Task description
From the first line of the data down to the line bearing "Question 13 asks: which", output every line exactly and include no pictures.

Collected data
········

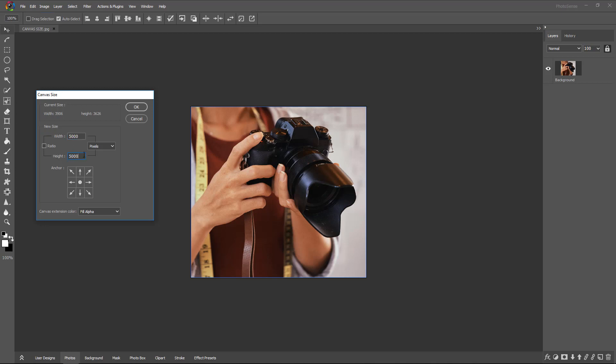But now we want the canvas extended in an L shape, from right to the bottom. So we will keep the anchor point on the top corner, and we will get the canvas extended from right to the bottom.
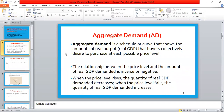The aggregate demand curve shows the amount of real output — real GDP — that buyers collectively desire to purchase at each possible price level. So you can say that the aggregate demand curve shows the relationship between two variables: first, the price level, and second, real GDP demanded.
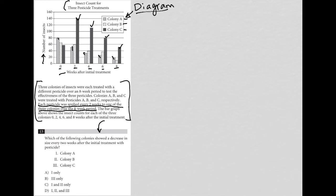Question 13 asks: which of the following colonies showed a decrease in size every two weeks after the initial treatment with pesticides? So which one went down every two weeks? We already spotted colony A, right?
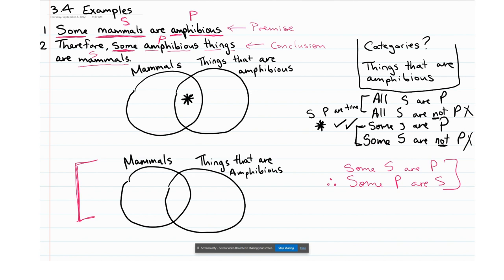It's really important to remember that our Venn diagrams don't track that flipping of subject and object. All we care about is having two categories — it doesn't matter whether one circle is on the left or the right. We keep mammals on the left and amphibious things on the right to effectively compare the two diagrams. Just because subject and predicate flipped doesn't mean we change the order of our circles.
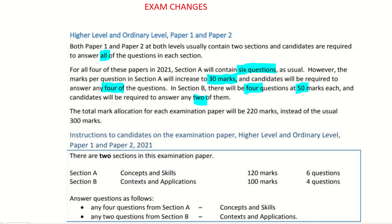You have four questions in section A to complete, adding up to 120 marks — that's your four 30s. In section B, you have two questions to complete, both worth 50 marks, totalling 100 marks. Adding that together, each paper is worth 220 marks. Previously it was worth 300 marks.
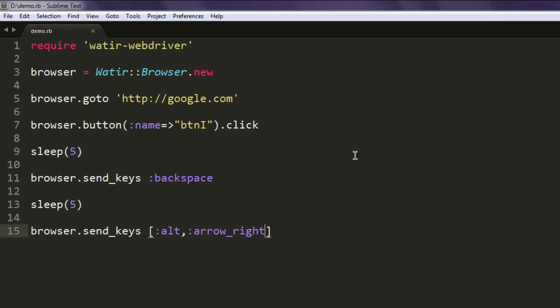So now you can pause the video and go through the code. What we did so far: we call for gem watir-webdriver, then we are calling browser class to create new instance of browser, then we are going to google.com.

········

Response for this exercise
But now we want the canvas extended in an L shape, from right to the bottom. So we will keep the anchor point on the top corner, and we will get the canvas extended from right to the bottom.
The aggregate demand curve shows the amount of real output — real GDP — that buyers collectively desire to purchase at each possible price level. So you can say that the aggregate demand curve shows the relationship between two variables: first, the price level, and second, real GDP demanded.
Question 13 asks: which of the following colonies showed a decrease in size every two weeks after the initial treatment with pesticides? So which one went down every two weeks? We already spotted colony A, right?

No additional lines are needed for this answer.